What is the total price she pays?
1) 4750
2) 4850
3) 4400
4) Cannot be determined.
Ans: This question is same as the QNR 2 except that on 51st wedding anniversary of her parents, Malini has decided to buy 200 balloons (four times the previous number). :-).
Let us assume Malini buys ‘x’ packets of the first kind and ‘y’ of the second. The equation becomes:-
12x + 7y = 200 ————- (1)
Re-writing the equation to make it meaningful:
(7x + 5x) + 7y = 7*28 + 4
=> (7x + 7y)= 7*7 + ( 4 -5x) ——— (2)
Repeating the logic:- in the above two lines I have tried to put every term of the original equation to be shown as a ‘multiple of 7’ and whatever remains is put together separately; here the separate part is (4-5x).
Now from the equation (2), you can tell that L.H.S is a multiple of 7. R.H.S should also be. First term of the R.H.S (7*7) is a multiple of 7 and thus (4-5x) should also be.
The question now is – how can we make (4-5x) a multiple of 7. Let us now start putting in sequential values of x to see what values do we get.
If x is 0, result is 4 -> Result not a multiple of 7.
If x is 1, result is -1 -> Result not a multiple of 7.
If x is 2, result is -6 -> Result not a multiple of 7.
If x is 3, result is -11 -> Result not a multiple of 7.
If x is 4, result is -16 -> Result not a multiple of 7.
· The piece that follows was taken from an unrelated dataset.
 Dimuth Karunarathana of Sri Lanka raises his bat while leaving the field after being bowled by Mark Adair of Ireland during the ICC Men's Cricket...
If x is 5, result is -21 -> Result is a multiple of 7.
[Don’t worry about negative; does not matter].
Now substitute the value of x in the equation (1), you get ‘y’ =20. Now you know Malini buys ‘5‘ packets of the first kind and ‘20‘ of the second. So, total price is 5* 250 + 20* 175 = 1250 + 3000 = 4750. Option 1.
And that is Wrong! 🙂
If you put x=12 and y=8, we get 12x + 7y = 200; so very well Malini can get ‘12‘ packets of the first kind and ‘8‘ of the second. So, total price is 12* 250 + 8* 175 = 3000 + 1400 = 4400. Option 3.
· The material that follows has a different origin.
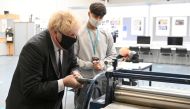 Britain's Prime Minister Boris Johnson (L) works the screen-pressing machine in the Arts and Design area during a visit to Kirklees College Springfield Sixth Form Centre in Dewsbury, West Yorkshire, Britain June 18, 2021. (Oli Scarff/Pool via REUTERS)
So which one should be the answer; both the prices are correct and since there is no enough data available we have to go for option 4.
Let us try to understand why two answers:- if you look at the equation 12x + 7y = 200, you could very well view it geometrically as an equation of line. [Remember ax+by=c].
So, there could be multiple values of (x,y) that will satisfy the equation; it is just that ‘x’ and ‘y’ here cannot be negative- Malini cannot buy negative packets!
How many values of (x,y) are possible for 12x + 7y = 200, if there is NO restriction. The answer should be-> INFINITE as there would infinite points on this line. Given the restriction on this case let us look at the two solution sets:
(x,y) = { (5, 20) , (12, 8) }
You should note this pattern that x gets increased by 7 and y gets decreased by 12. And 7 and 12 are nothing but
co-efficients of y and x respectively. The bottomline is :-
The values of ‘x’ form an arithmetic progress with common difference equal to the co-efficient of ‘y’. Similarly ‘y’ values form an arithmetic progress with common difference equal to the co-efficient of ‘x’. Below figure should put the gist here:
Out of all the available sets, only two solutions are possible (x,y) = { (5, 20) , (12, 8) }. Option 4.